Other "people's bands" have followed in their wake. And not just the cluelessly conservative likes of The Enemy, whose album title We'll Live and Die in These Towns denies Oasis's dreams of escape. Fiercely intelligent, underestimated working-class bands in their teens and early twenties have also been inspired by the Gallaghers. At Oasis's Liverpool gig last year, I bumped into Dundee's The View, giddy with excitement at seeing their heroes. Uxbridge's brand-new 12 Dirty Bullets have the requisite football-style fans, but also a songwriter, Jamie Jamieson, who literately questions his environment as Noel never would. "They were massively inspirational," he tells me, "because they represent where we come from. Rock stars like David Bowie seem like they come from another planet. Oasis could be the lads next door, who just happened to take over the world."
Oasis's golden years were only ever short, stretching from their 1994 debut Definitely Maybe to 1996's Britpop Götterdämmerung at Knebworth, when 250,000 fans saw them over two days, the cocaine flowed, and the world seemed theirs for the taking. I was there as a fan, separated from friends for the whole long day, with no apparent prospect of getting home as the rain fell, and Oasis began. But when that impossibly huge crowd roared themselves hoarse as one to the communal anthems which every song on their first two albums had become, nothing else mattered to me. Rock hasn't had that warming generational unity since.

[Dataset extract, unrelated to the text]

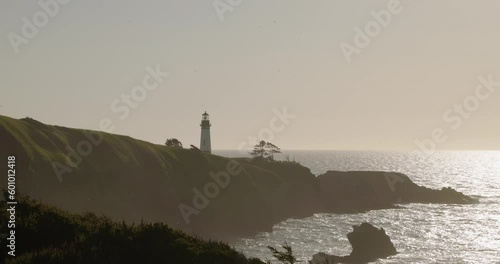 Yaquina Head Lighthouse at Sunset, Oregon Coast evening shot, peaceful Depoe Bay Scene, Newport, Oregon Beaches photo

Noel Gallagher has admitted on many occasions since that that is when Oasis should have split. He knew it was the top, from which they could only fall. He said he didn't have the nerve to do what his hero Paul Weller had done with The Jam, that he had to keep his band-mates in jobs. It sounded bravely honest the first time, just sad every time afterwards. Oasis's legacy to Noel Gallagher had become one of him dutifully clocking on at stadia and studios, the opposite of the reason they formed.
Flicking through the channels the other day, I caught Noel singing "Half a World Away", the great old Oasis B-side The Royle Family uses as a theme song, this time alone with an acoustic guitar. It was deeply affecting, in a way not a second of his band's empty thunder was last year. The last remaining good thing Oasis can do is turn out the lights, and let their leader go. When not being closed-minded and cloth-eared, they have freed more people than we'll ever know. Noel Gallagher, unburdened from his dying creation, deserves no less.